Business leaders in Guernsey are urging Home Affairs president Rob Prow to press ahead immediately with the review of the population management law (PML) and not to use Brexit and Covid as the reasons for the current acute labour shortages.
The Confederation of Guernsey Industry is calling for action to amend the legislation which it says is damaging and risks becoming ‘terminal’ for certain sectors. This follows the States’ recent announcement of a limited relaxation in restrictions and its plans for a review in 2022.
CGi chairman Dave Newman said: “We have been encouraged through our discussions with Home Affairs, the Population Management office and Economic Development that there is a willingness to help industry. The team under Gary Salter is working hard and shown as much flexibility as possible but has exhausted all of the options within the PML. They have dealt individually with some of our members but as always, are constricted by what they can do by the current, existing legislation.
“The CGi has always maintained that the law was out of date as soon as it was introduced in 2017 and made several statements in the media to that effect.

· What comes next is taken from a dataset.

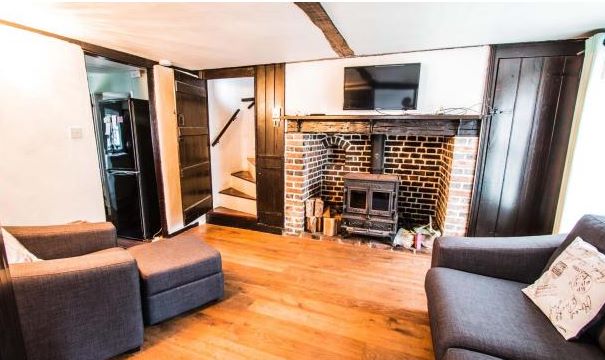 White Cottage, Five Oak Green Road, Five Oak Green, Tonbridge, Kent, TN12 6RE - Online Auctions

The current issues created by Brexit and Covid should also not be used to mask the inefficiencies of the present law and the case for action has been amply demonstrated by sectors across the Island so we now urge government to act.”
“We hope there is now no disagreement that the legislation isn’t working in the way intended,” said Mr Newman. “That means all of our efforts and those of government should be focussed on rectifying matters before it is too late. The CGi accepts some of the issues are beyond the Island’s control however existing population management law is not.”
The CGi say that they are willing to continue joint talks with P&R, Home Affairs, which has responsibility for the legislation, Economic Development and industry sector representatives.
Mr Newman added: “This isn’t a “blame game”. Instead, it is a heartfelt plea to work collaboratively with government agencies to remove the elements that are directly harming local businesses.
“We hope everyone involved now recognises see this as an island problem that needs out-of-the-silo creativity to resolve, which is why we are appealing to Deputy Prow to lead the review as quickly as possible.”